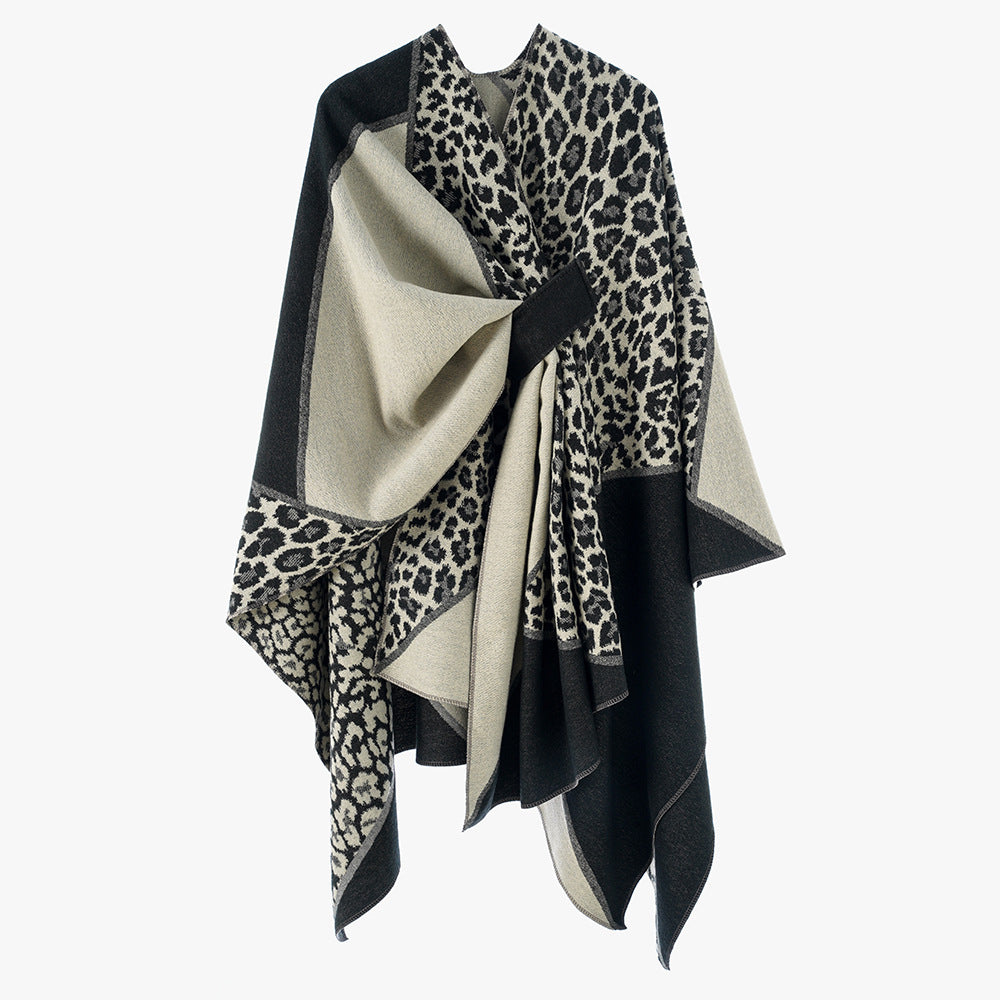 Damen Reversibles Feinstrick‑Cape mit tonalem Leo‑Jacquard und Gurtführung Drune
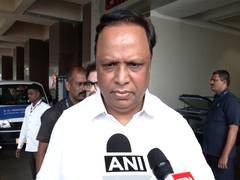 
      
      Ashish Shelar offers condolences to veteran actor Satish Shah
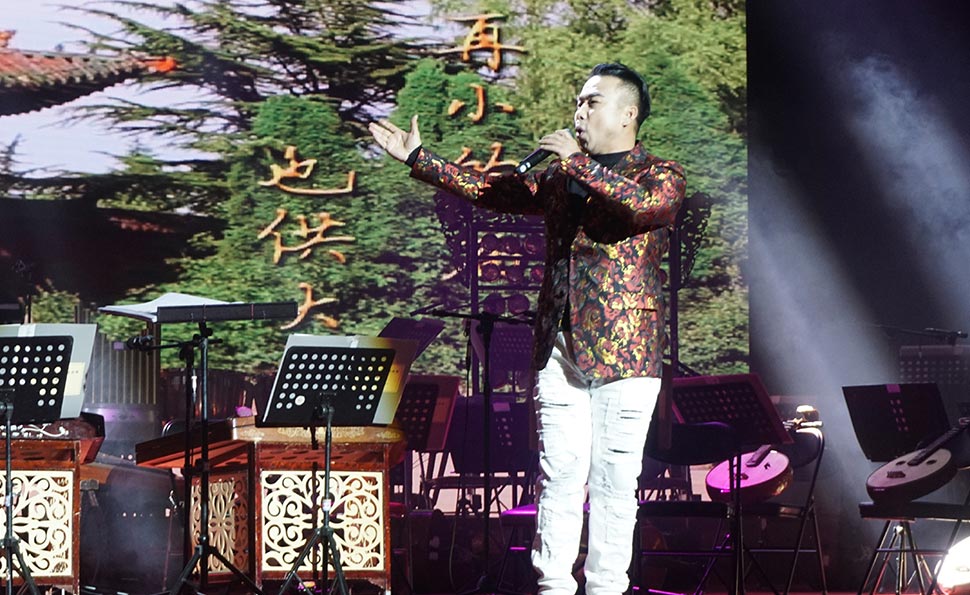胡玉演唱《百姓英雄》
::::
■ Required action: Every line of the data is to be transcribed exactly, and no picture is to be included.

■ Response to the task:
 Damen Reversibles Feinstrick‑Cape mit tonalem Leo‑Jacquard und Gurtführung Drune
      
      Ashish Shelar offers condolences to veteran actor Satish Shah
胡玉演唱《百姓英雄》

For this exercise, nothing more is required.